**PROBLEM:** Copy out exactly, and only, the lines from the one containing "Quilt beautiful patter" through the end of the entries. No pictures.

==== DATASET CONTENT ====

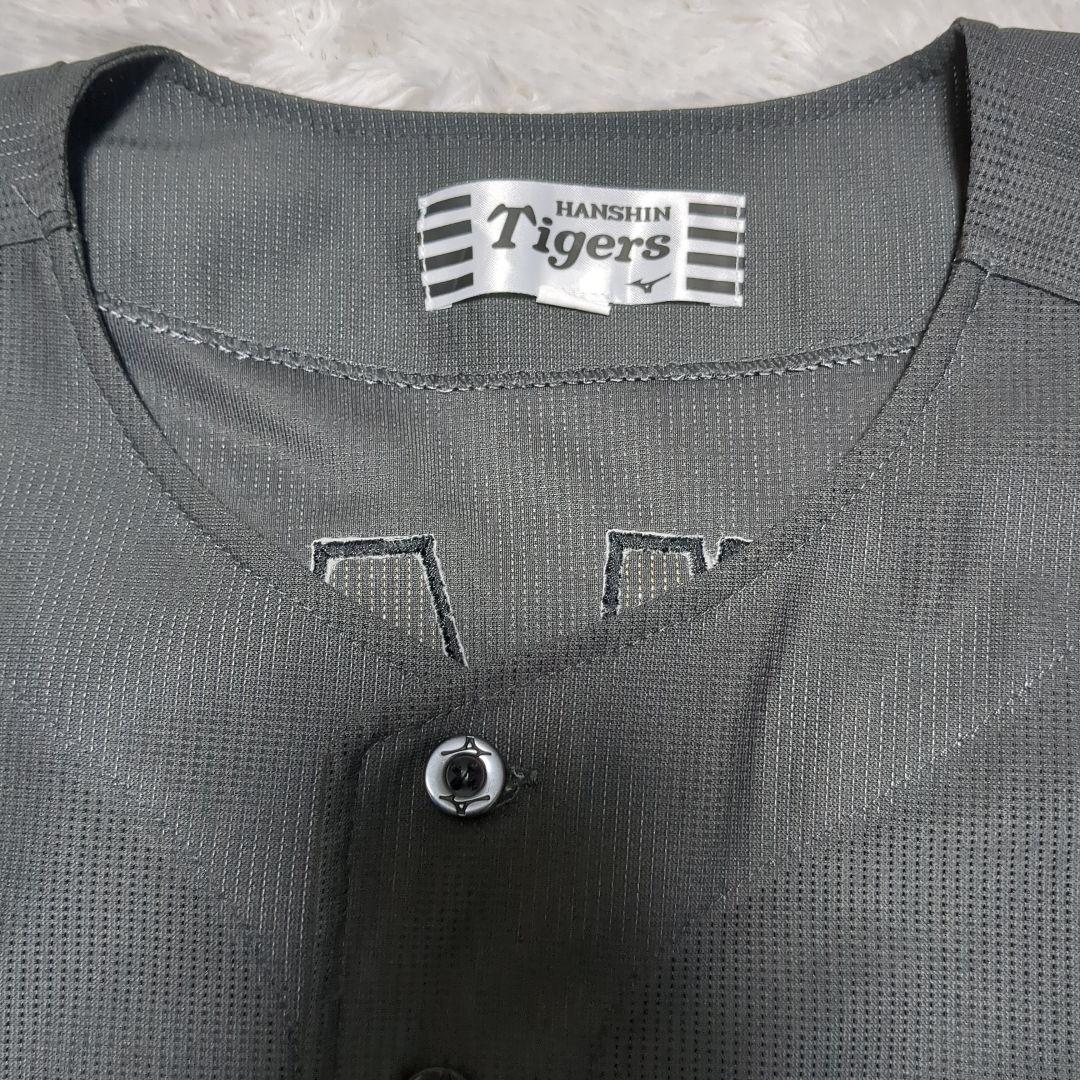 阪神タイガース ブラックダイナマイト ユニフォー厶 山田 52 O XL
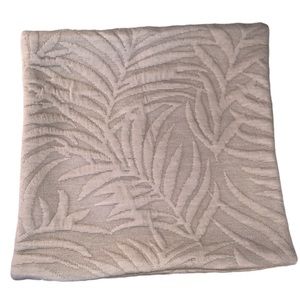 Quilt beautiful patter accent pillow covers with zipper set of 2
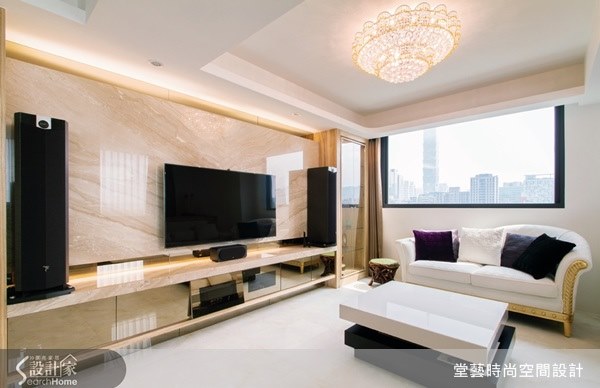 屋主一家六口最常聚在一起的場域是餐廳，且女主人很愛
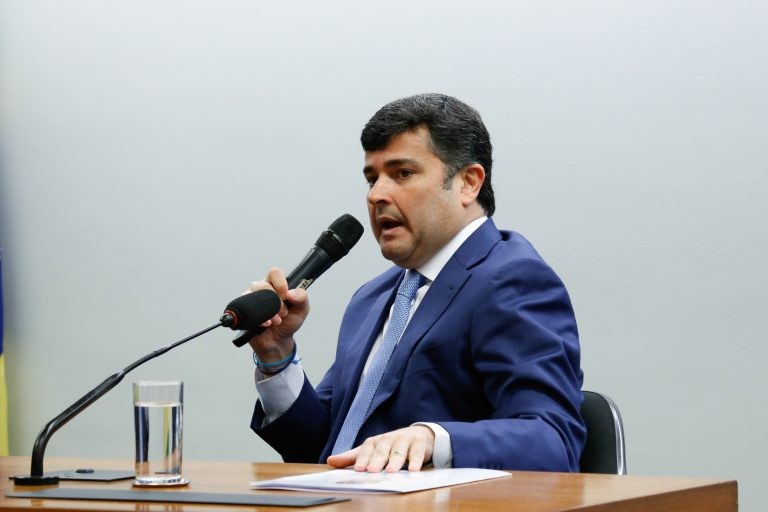 Especialistas cobram do governo detecção da Atrofia Muscular Espinhal pelo Teste do Pezinho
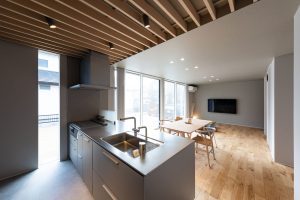 ハウスクラフトが施工する新築戸建ての内観デザイン｜天井ルーバーが美しいキッチン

====

**ANSWER AREA:**
 Quilt beautiful patter accent pillow covers with zipper set of 2
 屋主一家六口最常聚在一起的場域是餐廳，且女主人很愛
 Especialistas cobram do governo detecção da Atrofia Muscular Espinhal pelo Teste do Pezinho
 ハウスクラフトが施工する新築戸建ての内観デザイン｜天井ルーバーが美しいキッチン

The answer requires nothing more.